Structure your categories
A key part of this process is giving a proper structure to your categories. When you want to be more specific and use sub-categories, you will need to define a hierarchical tree that organizes your categories and sub-categories.
Going back to the example of classifying daily deals, you can organize the category tree in the following way:
- Food & Drinks
- Health & Beauty
- Hair & Skin
- Spa & Massage
- TV & Video
- Travel & Vacations
- Flight Tickets
Tips for your category tree
When you design your category tree, these are some of the things you need to take into consideration:
Organize your categories according to their semantic relations. For example, Basketball and Baseball should be sub-categories of Sports because they are specific types of sports. A category tree that has a good structure can make a great difference and will be a huge help to make accurate predictions with your classifier.
- Avoid overlapping
Use disjoint categories and avoid defining categories that are ambiguous or overlapping: there should be no doubt in which category a text should be placed. Overlapping between your categories will cause confusion to your model and affect negatively the accuracy of the predictions.

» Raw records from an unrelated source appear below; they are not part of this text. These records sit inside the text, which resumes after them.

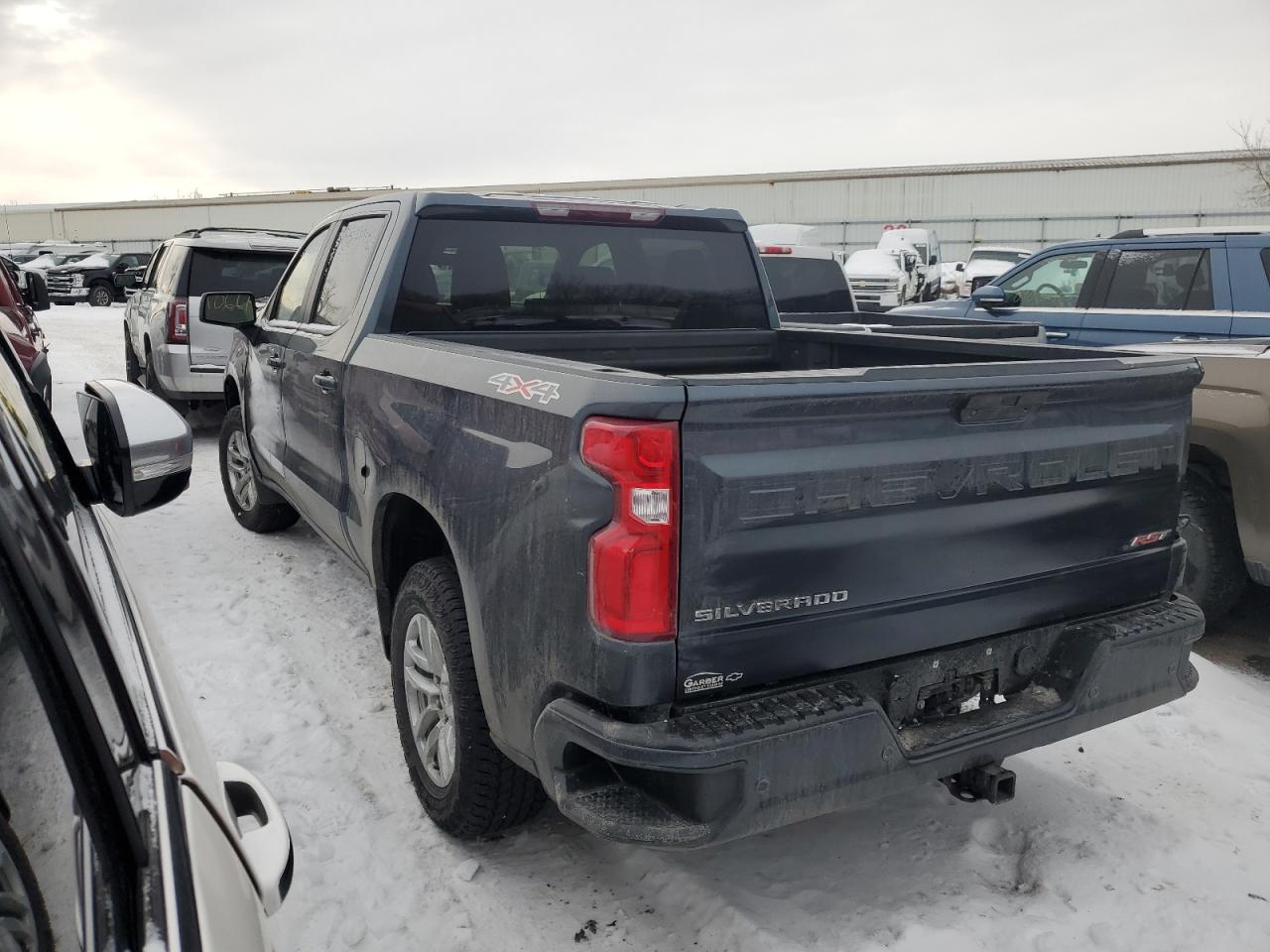 2021 Chevrolet Silverado - Image 2
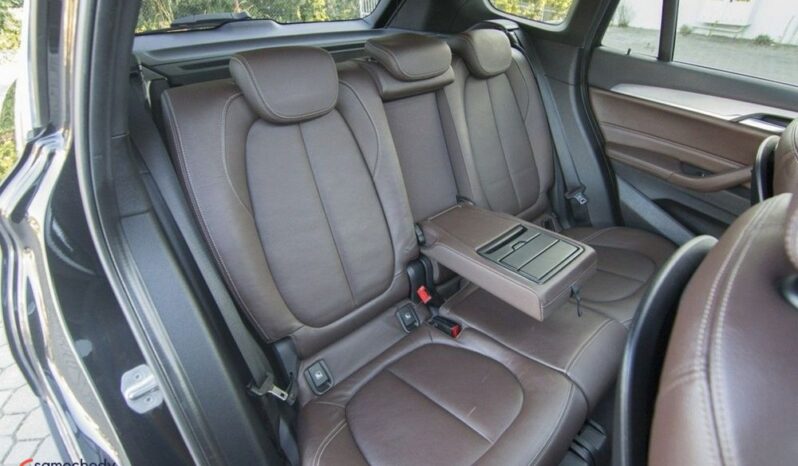 BMW X1 xDrive20d Sport Line full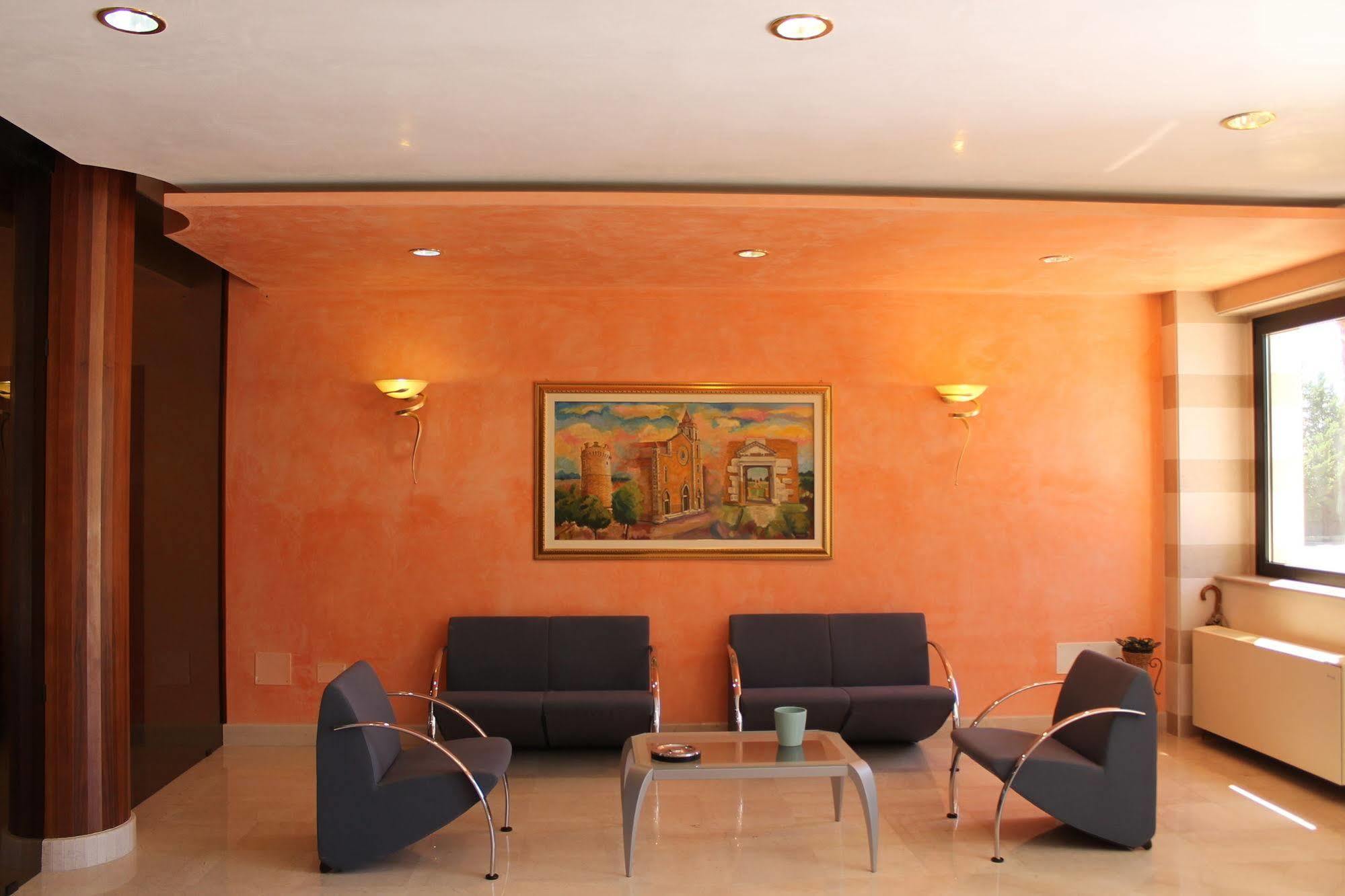 Villa Pinto ลูเชรา ภายนอก รูปภาพ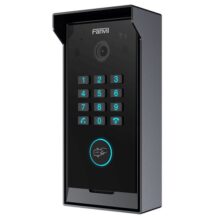 Fanvil i60K Video Door Phone, Camera, Keypad, RFID, BLE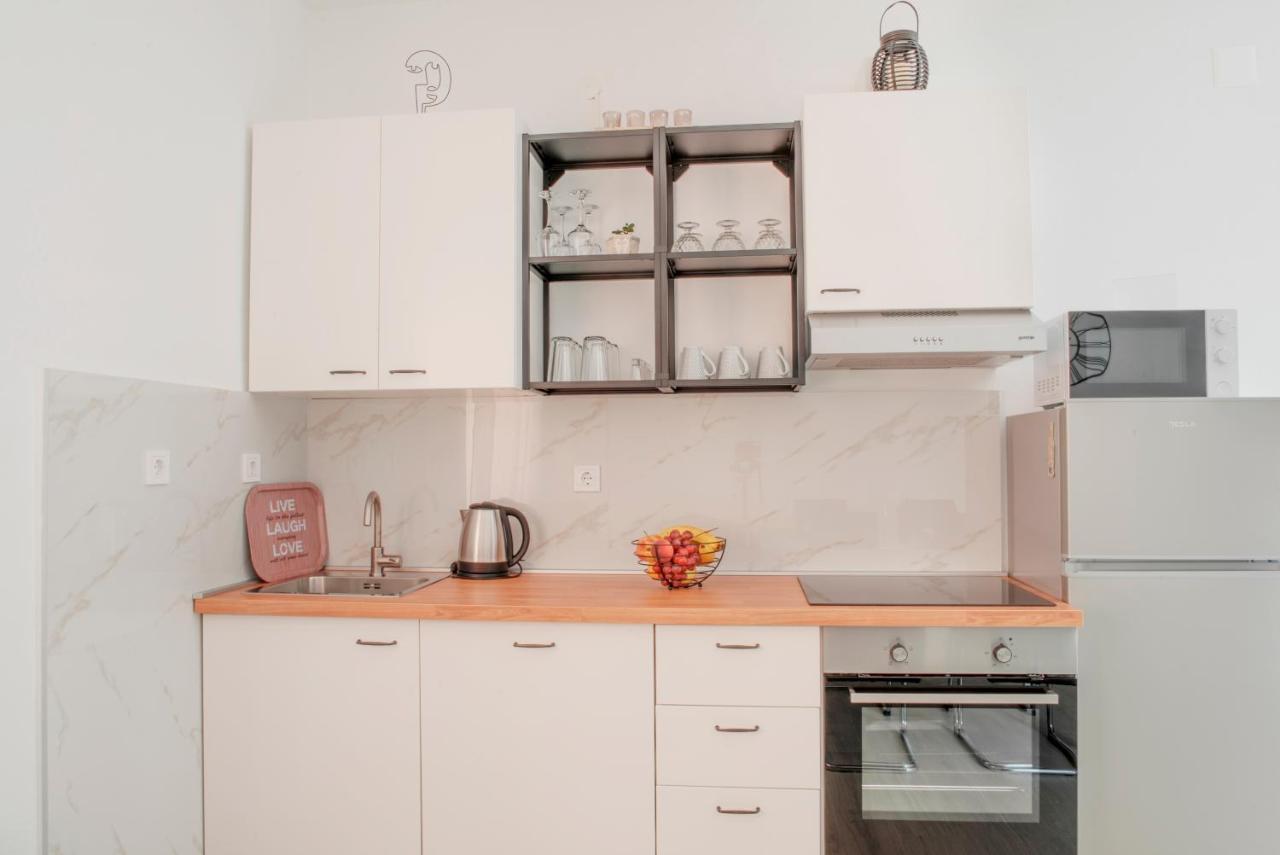Apartmani Vudrag Trogir Exterior photo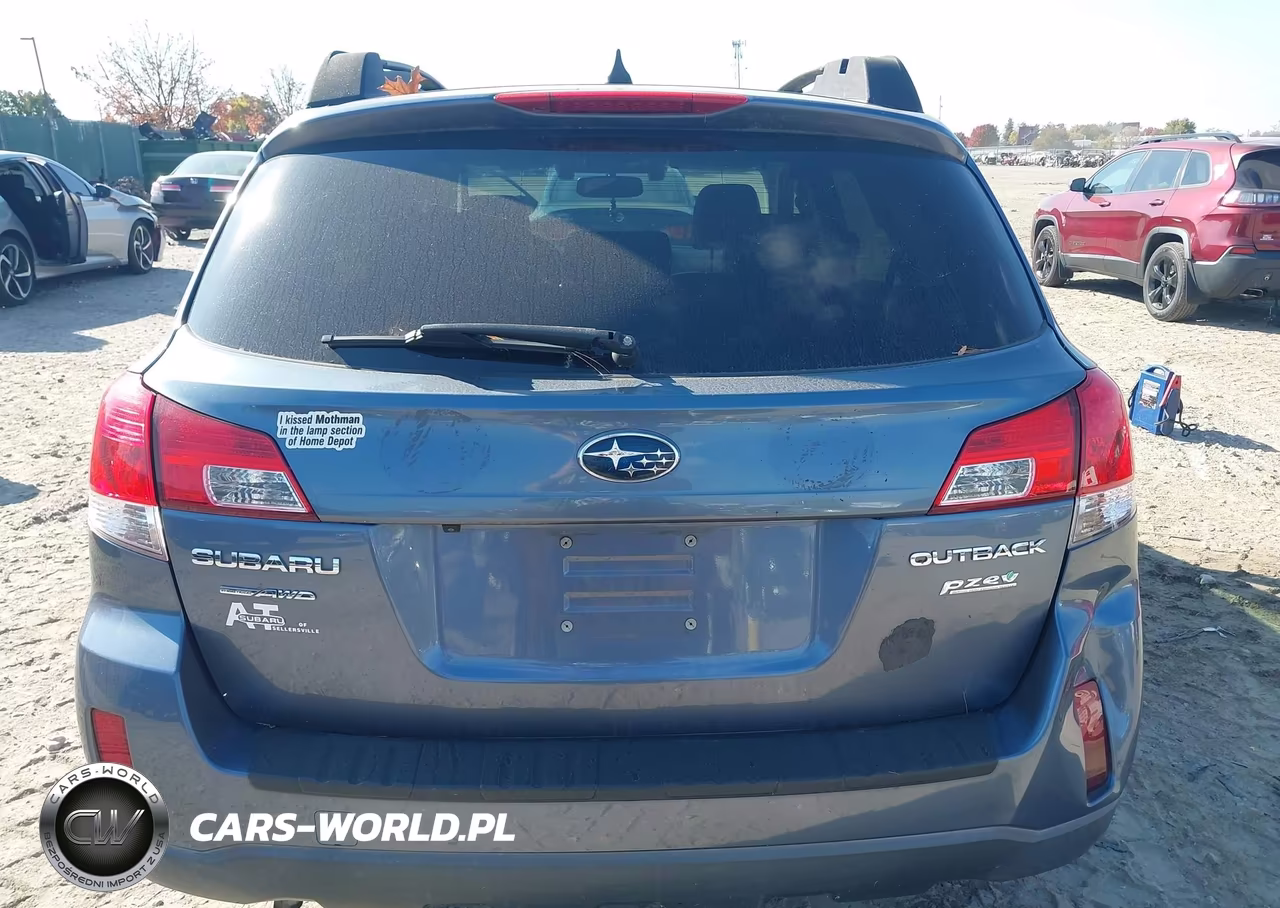 2014 Subaru Outback 2.5I Limited VIN:4S4BRBNC9E3250769 - 16
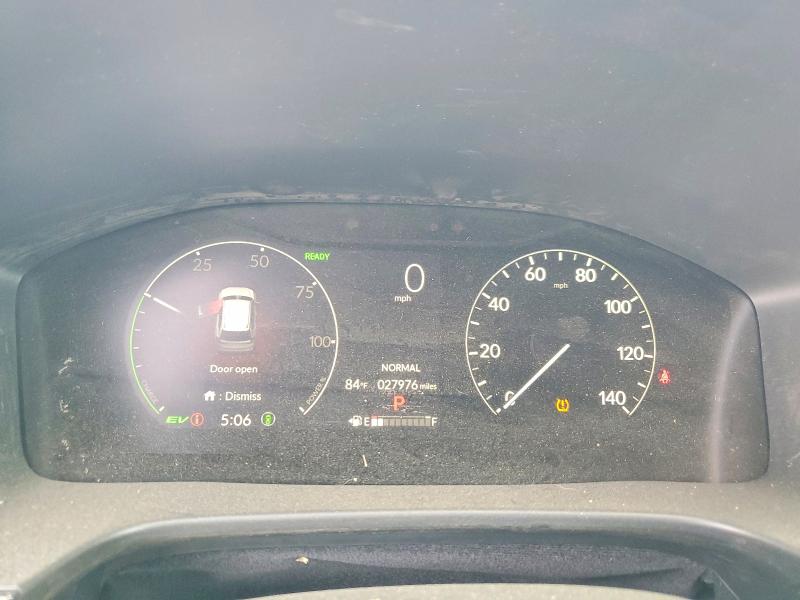 48870556 :رقم المزاد ، 7FARS5H55SE038329 vin ، 2025 Honda Cr-v مزاد بيع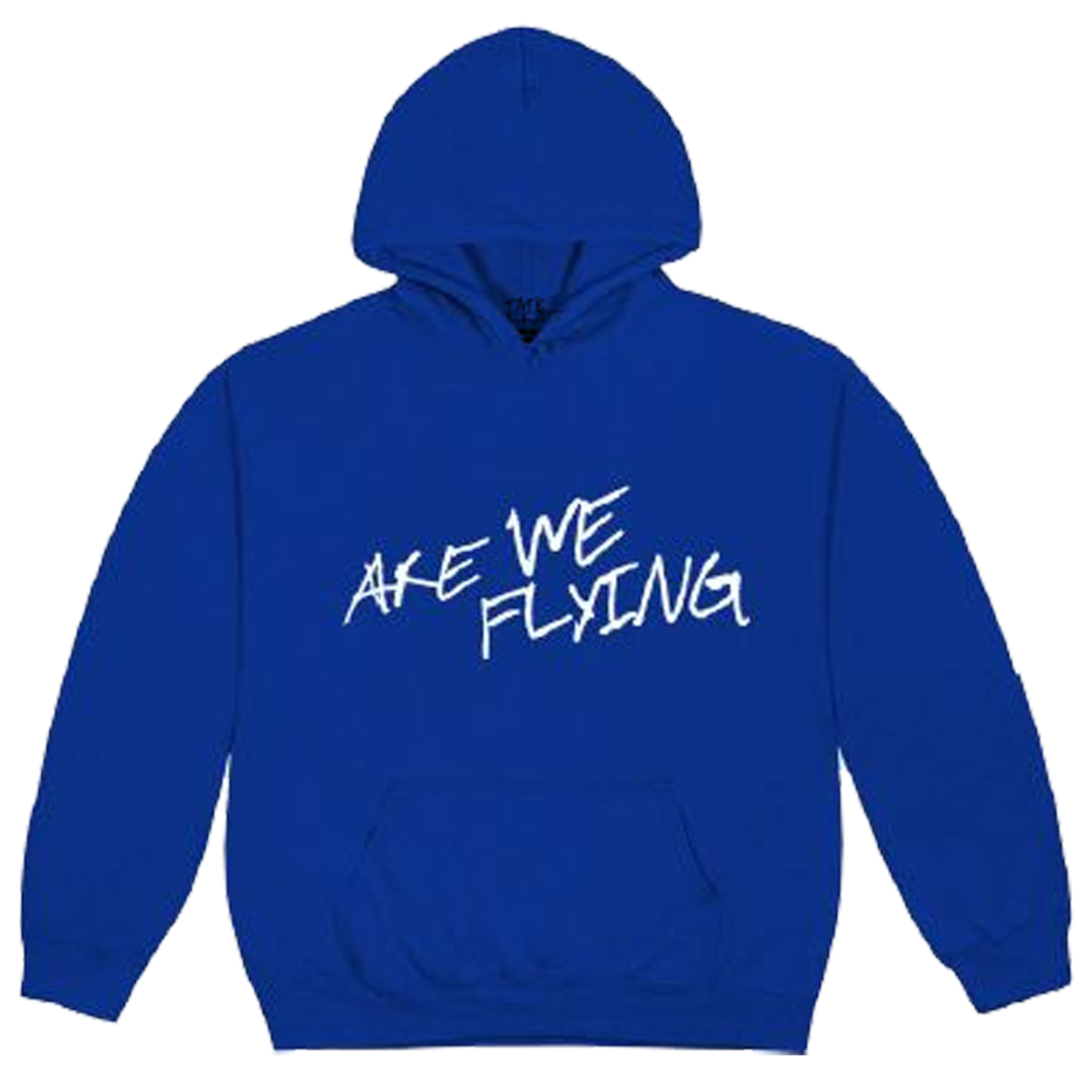 where we are tour hoodie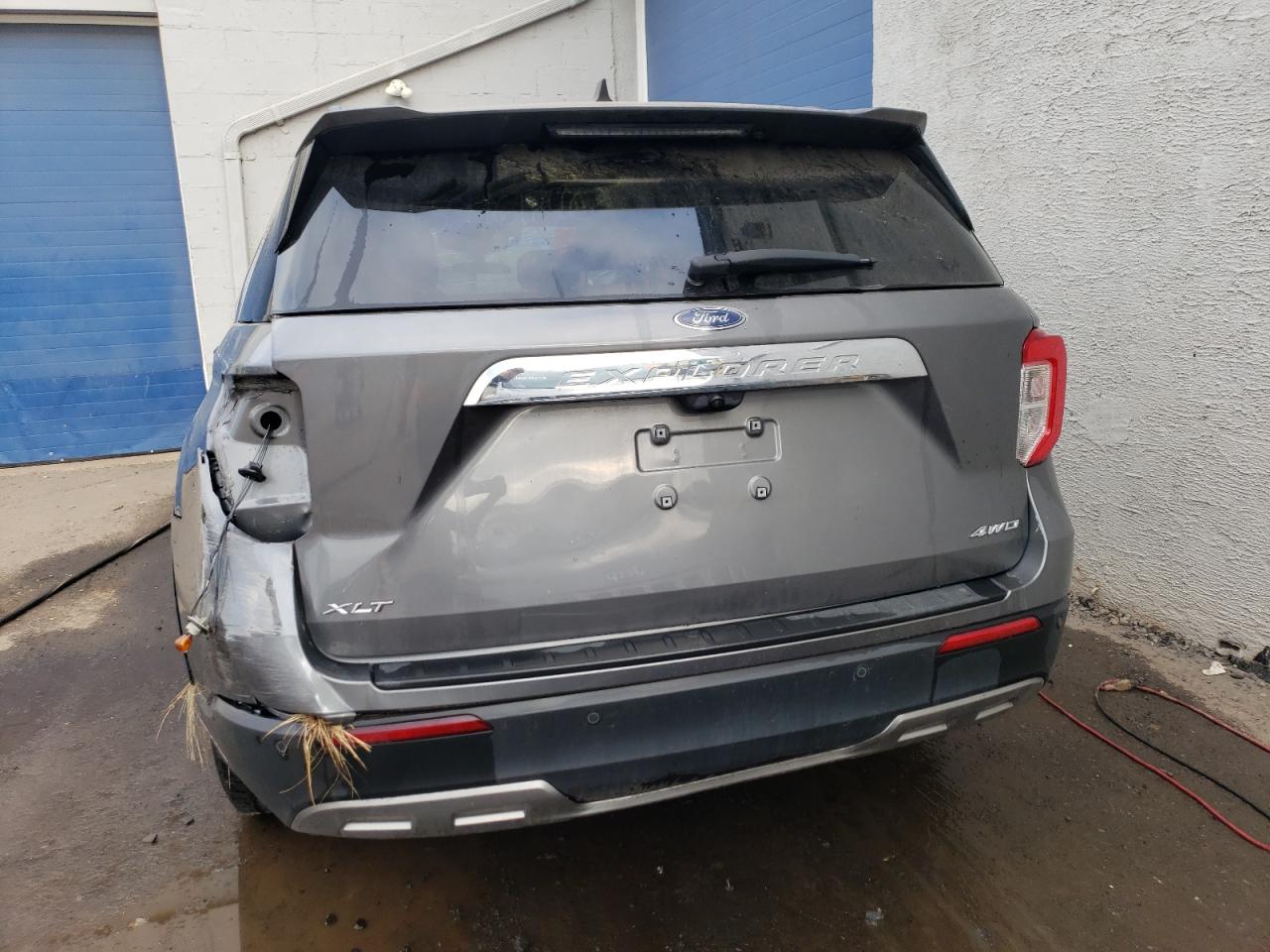 2023 Ford Explorer Xlt VIN: 1FMSK8DH9PGB43348 Lot: 73946504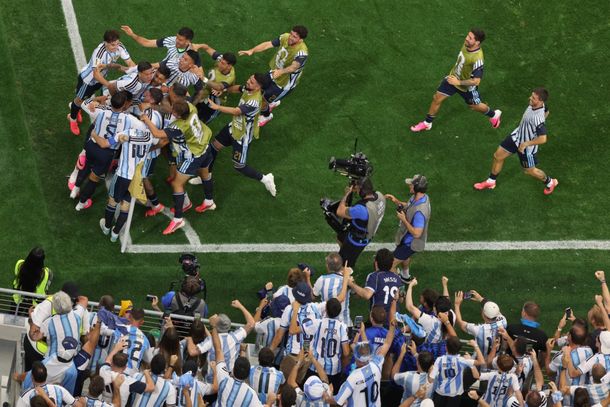 Se vienen los 16avos de final del Mundial 2026: cuándo y contra quién jugaría la Selección Argentina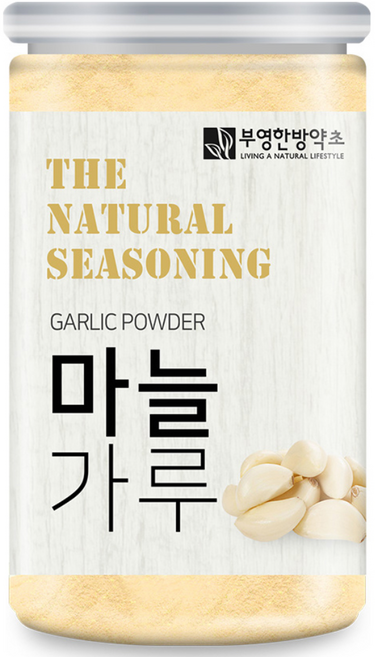 부영한방약초 마늘가루, 150g, 1개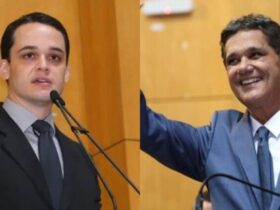 Espírito Santo terá segundo turno para governador entre Lorenzo Pazolini (REP) e Ricardo Ferraço (MDB)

- Don’t mix classification criteria
Use one single classification criteria per model. Imagine that you want to categorize companies based on their description. Your categories could be things like B2B, B2C, Enterprise, Finance, Media, Construction, etc. In this case, you should build two separate models: a) one to classify a company according to who are their customers (B2C, B2B, Enterprise) and b) another model to classify a company according to the industry vertical it operates (Finance, Media, Construction). Each model has its own criteria and purpose.
- Start small and then go big
If it’s your first time training a machine learning classifier, we recommend starting with a simple model. Complex models can take more effort in making them work well enough to make accurate predictions. Start with a small number of categories (<10) and up to 2 levels of categories.
When you get this simple model to work as expected, try adding a few more categories or adding a third level of categories. Eventually, you can keep iterating adding more categories as you need.
2- Data Gathering
Once you have defined your category tree, the next step is to obtain training data, that is, the texts that you want to use as training samples and that are representative of future texts that you would want to classify automatically with your model.
The following sources are suggested to perform the data gathering:
You can use internal data, like files, documents, spreadsheets, emails, support tickets, chat conversations and more. You may already have this data in your own databases or tools that you use every day:
Customer Support / Interaction:
- Hubspot CRM
You usually have ways to export this data either by using an export function into CSV files or by using an API.
Data is everywhere and you can automatically get data from the web, by using web scraping tools, APIs and open data sets.
Web scraping frameworks
If you have coding experience, you can use a web scraping framework to build your own scraper to get data from the web. These are some of the most used tools for web scraping:
Visual web scraping tools
If you don’t have coding experience, as an alternative you can use some of these visual tools where you can build a web scraper with just a few clicks:
Besides scraping, you can use APIs to connect with some websites or social media platforms to get the valuable data you need to train your machine learning classifier. For example, these are some useful APIs to get training data:
- New York Times
- The Guardian
Tools like Zapier or IFTTT can be very helpful getting your training data, especially if you don’t have coding experience. You can use them to connect to the tools that you use every day through the API but without coding 🙂
These are just some examples; you can find data everywhere, so consider using any particular tool or technique that you are familiar with.
3- Data Tagging
After getting the data, you’ll have to tag the data into the corresponding categories to create a training dataset for teaching your classifier.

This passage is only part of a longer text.